Viral and Mis-Quoted

Here is an article that deals with responses to Osama Bin Laden’s death and how the social media world blew up after the fact. We talked in class about how social media makes us so dynamically inter connected in a way unimaginable a couple years ago. In this article the author describes how after Osama was pronounced dead there were two quotes put up, one by Dr. Martin Luther King Jr. and Mark Twain that in fact were wrong. However in no time people we re-posting these quotes in both their facebook and Twitter accounts and the mis-quotes became a viral sensation. The MLK was a mashup between one person’s own words with the first sentence combined with a true MLK quote starting with the second sentence. The Mark Twain quote was altered slightly. Both can be seen in link to the article.
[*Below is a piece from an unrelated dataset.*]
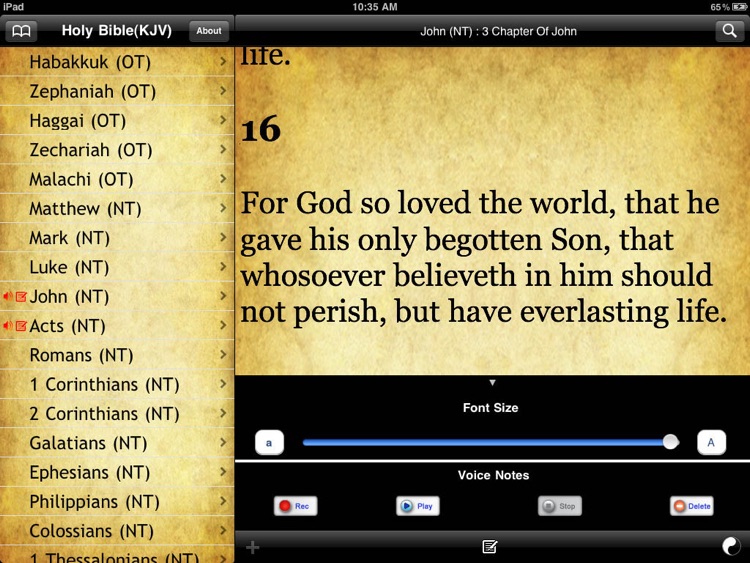 The Holy Bible King James Version HD
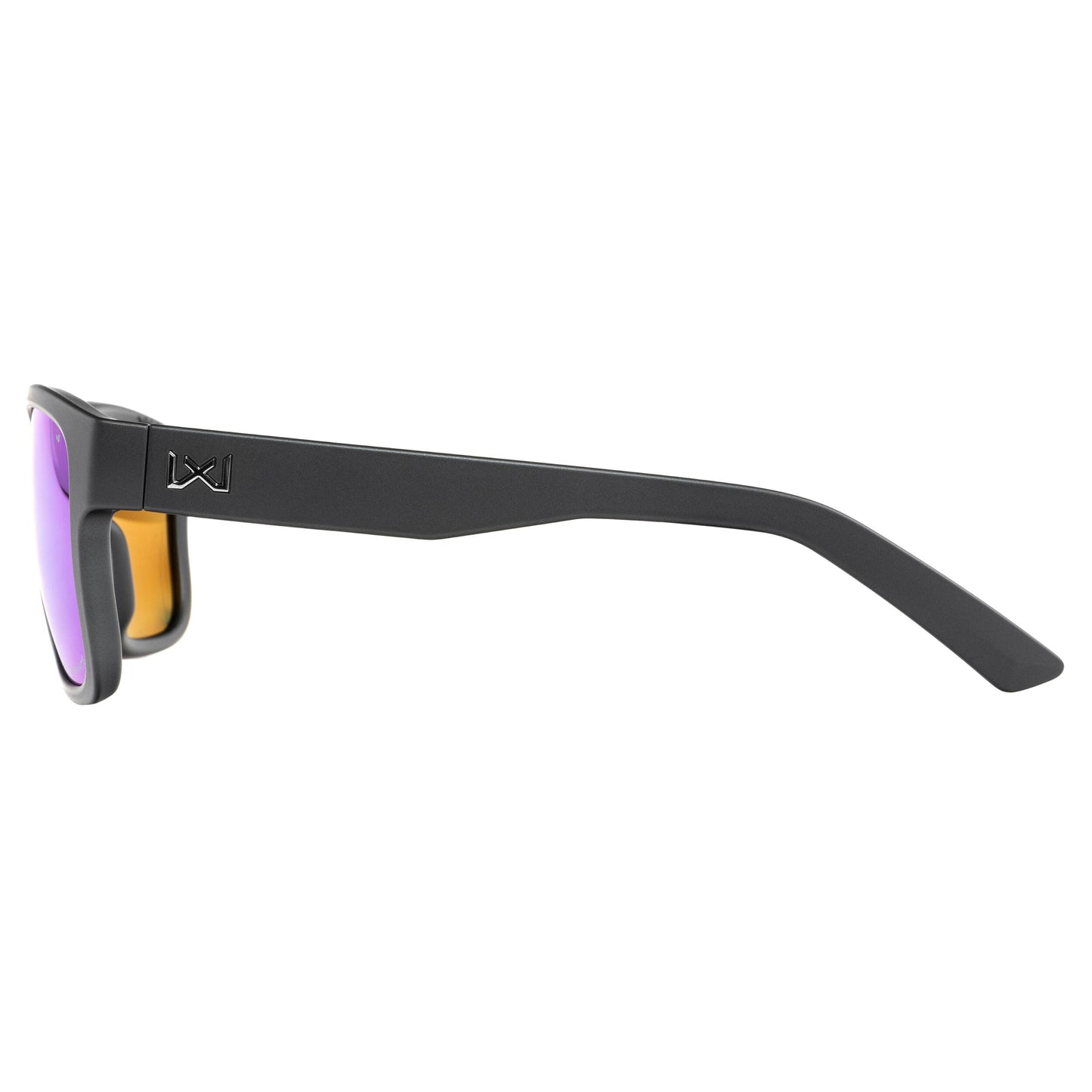 Okulary Wiley X Ovation - Captive Polarized Green Mirror/Matte Graphite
This connects with a couple of things we discussed in class. I believe social media still is not a place to get credible news and we must still look to our major networks and trusted anchors to deliver us the correct details of what has happened, who said what, and where something took place. Social media, still in its infancy stage, is an easy environment for someone to start a rumor that can quickly become “fact” over the internet, later to be discredited by those news outlets with the correct resources to report the stories. Secondly, this mis-quote was tweeted by a regular person who linked the quote to her facebook page. Her friends then saw the quote and retweeted and re-posted and soon Penn Gillette from “Penn & Teller” retweeted it to his 1.6 million followers and the quote was everywhere. It’s amazing how connected we are now in the digital age. 1 in 6 people in the world are on one site where we can all reach one another.
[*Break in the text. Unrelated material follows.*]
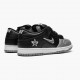 Nike Womens/Mens SB Dunk Low Supreme Jewel Swoosh Silver CK3480 001 Running Sneakers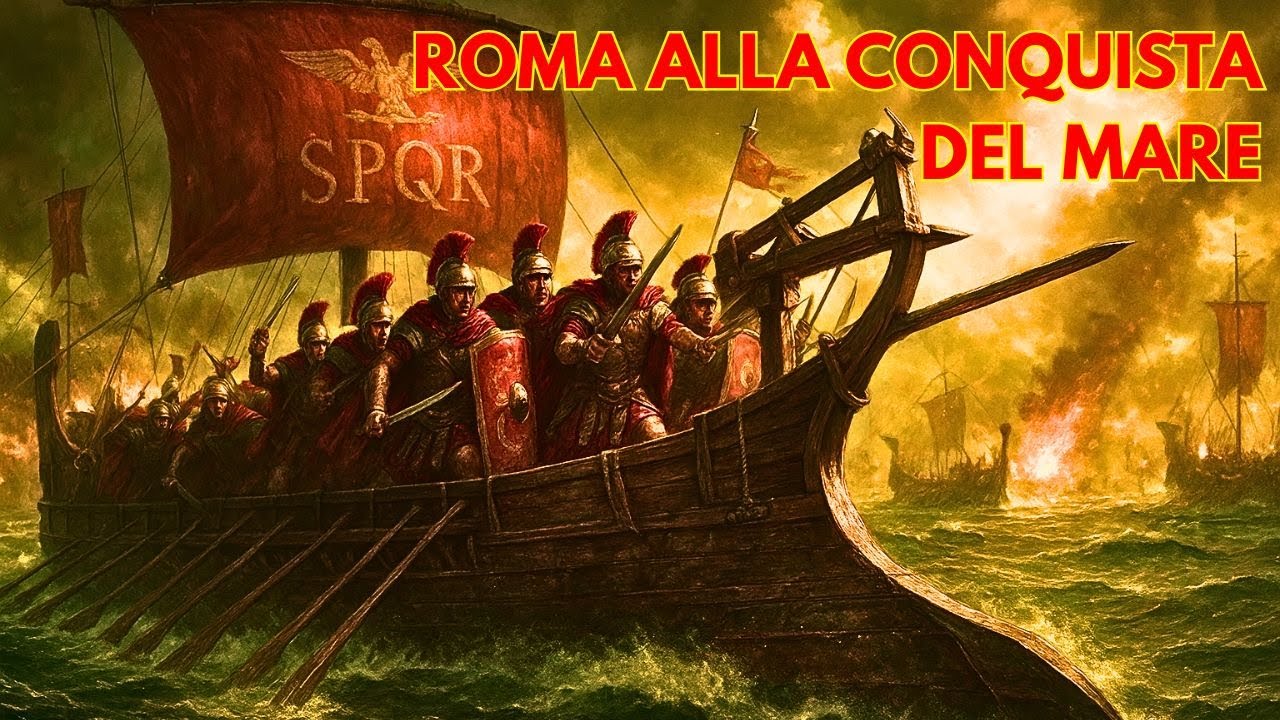 🌾 Come un Popolo di CONTADINI Diventò PADRONE DEL MARE | ⚔️GUERRE PUNICHE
4 thoughts on “Viral and Mis-Quoted

  1. I was just watching the Obama visit to the WTC on NBC, and one of the segments was a “Social Media Update.” The anchor was literally reading tweets with the hashtag #obamanyc. They are giving credibility to anonymous twitter accounts and also shouting out @questlove.

    It might not be 100% credible yet, but if traditional media is giving it attention, it’s credibility is going to keep increasing.

  2. While social media clearly is not always a credible source for breaking news, its ability to provide real-time coverage cannot be discounted. When the world first heard about the earthquake in Japan there were many videos documenting the destruction that individuals had filmed with their smartphones. Mainstream media networks were not able to send camera crews to the scene(s) right away so websites like CNN were linking to YouTube videos that Japanese citizens had uploaded. As smartphone adoption grows it enables eyewitnesses to inform and update the world as the news unfolds. Will their accounts of events always be accurate? Of course not. But it’s clear that social media, especially on-the-scene social media via mobile phones, can enrich news coverage and be a valuable asset to both individuals and journalists.

  3. Hi Kevin,

    I agree with your comment that social media are not yet a credible source of information. In my opinion there is a clear overlap between the information shared over social networks and the one transmitted through traditional media, but the media are fundamentally two distinct things, and serve different purposes.

    Social media are powerful tools and it is our responsibility, as information consumers and “broadcasters”, to critically think about the information we are receiving, and check on the source credibility before sharing it. What happened with MLK’s quote has been happening forever as a consequence of traditional social interaction, a rumor originated from two friends conversation over coffee, now social media allows the rumor to spread faster and reach more people. Responsible people should just do their homework before cutting and pasting what they read.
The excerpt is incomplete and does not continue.